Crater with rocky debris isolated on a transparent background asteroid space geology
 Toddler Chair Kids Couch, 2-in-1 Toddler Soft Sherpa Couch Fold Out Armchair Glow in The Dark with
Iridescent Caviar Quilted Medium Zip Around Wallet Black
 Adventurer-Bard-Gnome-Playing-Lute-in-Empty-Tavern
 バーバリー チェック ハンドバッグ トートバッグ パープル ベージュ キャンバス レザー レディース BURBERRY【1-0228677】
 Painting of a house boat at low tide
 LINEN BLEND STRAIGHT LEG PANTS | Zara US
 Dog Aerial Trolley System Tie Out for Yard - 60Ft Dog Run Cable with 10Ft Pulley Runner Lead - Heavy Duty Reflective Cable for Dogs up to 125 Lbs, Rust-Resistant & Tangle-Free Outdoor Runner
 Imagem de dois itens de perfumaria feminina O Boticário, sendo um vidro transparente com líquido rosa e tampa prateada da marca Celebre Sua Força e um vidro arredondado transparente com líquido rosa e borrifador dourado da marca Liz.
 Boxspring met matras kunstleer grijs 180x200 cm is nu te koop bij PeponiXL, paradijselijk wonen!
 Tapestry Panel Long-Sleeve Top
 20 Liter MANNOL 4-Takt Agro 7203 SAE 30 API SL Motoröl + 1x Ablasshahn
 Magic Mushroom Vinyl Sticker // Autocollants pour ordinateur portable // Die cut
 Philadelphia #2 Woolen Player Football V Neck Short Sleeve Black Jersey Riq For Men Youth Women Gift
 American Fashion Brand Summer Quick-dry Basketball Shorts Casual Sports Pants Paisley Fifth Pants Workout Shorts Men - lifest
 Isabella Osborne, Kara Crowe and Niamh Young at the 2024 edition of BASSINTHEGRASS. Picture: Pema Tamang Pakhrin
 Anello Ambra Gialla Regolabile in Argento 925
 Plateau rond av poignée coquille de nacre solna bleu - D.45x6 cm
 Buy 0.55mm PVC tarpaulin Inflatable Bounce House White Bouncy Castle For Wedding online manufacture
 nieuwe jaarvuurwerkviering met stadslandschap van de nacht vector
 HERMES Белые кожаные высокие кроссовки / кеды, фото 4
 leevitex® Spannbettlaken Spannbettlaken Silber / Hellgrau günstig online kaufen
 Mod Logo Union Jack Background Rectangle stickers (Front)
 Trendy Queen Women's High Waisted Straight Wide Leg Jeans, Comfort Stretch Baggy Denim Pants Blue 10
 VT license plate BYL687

What is being asked:
Which lines run from the one containing "Isabella Osborne, Kara" to the end of the data? Output them exactly, with nothing added.

Reply to the task:
 Isabella Osborne, Kara Crowe and Niamh Young at the 2024 edition of BASSINTHEGRASS. Picture: Pema Tamang Pakhrin
 Anello Ambra Gialla Regolabile in Argento 925
 Plateau rond av poignée coquille de nacre solna bleu - D.45x6 cm
 Buy 0.55mm PVC tarpaulin Inflatable Bounce House White Bouncy Castle For Wedding online manufacture
 nieuwe jaarvuurwerkviering met stadslandschap van de nacht vector
 HERMES Белые кожаные высокие кроссовки / кеды, фото 4
 leevitex® Spannbettlaken Spannbettlaken Silber / Hellgrau günstig online kaufen
 Mod Logo Union Jack Background Rectangle stickers (Front)
 Trendy Queen Women's High Waisted Straight Wide Leg Jeans, Comfort Stretch Baggy Denim Pants Blue 10
 VT license plate BYL687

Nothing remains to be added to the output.